`Pixar's magic man': Fortune on John Lasseter
...[I]n 1980 or 1981, I saw some video of the very beginnings of computer animation, and it was like a revelation. I wasn't really looking for them but just came across some tapes from one of these new computer-graphics conferences. When I saw this stuff I thought, Wow, this is cool. Even though it was just spheres floating around and stuff like that.
Around that time Disney made a deal to do a live-action movie called "Tron," with some computerized special effects. I didn't work on it, but some friends did, and I saw the very first dailies, and what I saw - the potential I saw - blew me away. Walt Disney had always tried to get more dimension in his animation and when I saw these tapes, I thought, This is it! This is what Walt was waiting for! But when I looked around, nobody at the studio at the time was even halfway interested in it.

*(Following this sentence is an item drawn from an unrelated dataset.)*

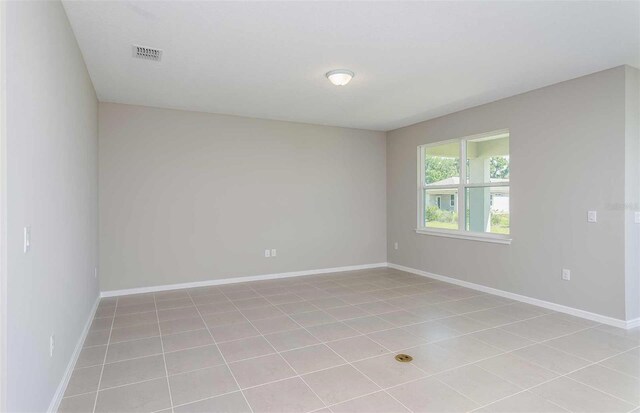 8322 SW 52nd Lane Rd, Ocala, FL 34481 - unfurnished room featuring visible vents, baseboards, and light tile patterned floors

Tron was made by a different part of the studio, unrelated to animation. This young live-action executive named Tom Willhite picked me out of the group because I kept talking to him about how we could use this new technology in animation. So he let me and a colleague put together a 30-second test, combining hand-drawn, two-dimensional Disney-style character animation with three-dimensional computer-generated backgrounds.
I was so excited about the test, and I wanted to find a story that we could apply this technique to in a full-blown movie. A friend of mine had told me about a 40-page novella called "The Brave Little Toaster," by Thomas Disch. I've always loved animating inanimate objects, and this story had a lot of that. Tom Willhite liked the idea, too, and got us the rights to the story so we could pitch it to the animation studio along with our test clip.
When it came time to show the idea, I remember the head of the studio had only one question: "How much is this going to cost?" We said about the same as a regular animated feature. He replied, "I'm only interested in computer animation if it saves money or saves time." We found out later that others had poked holes in my idea before I had even pitched it.
The project was killed and, in 1983, Lasseter was fired ... though he'd return to the company more than two decades later, when Disney acquired Pixar to reinvigorate its animation division.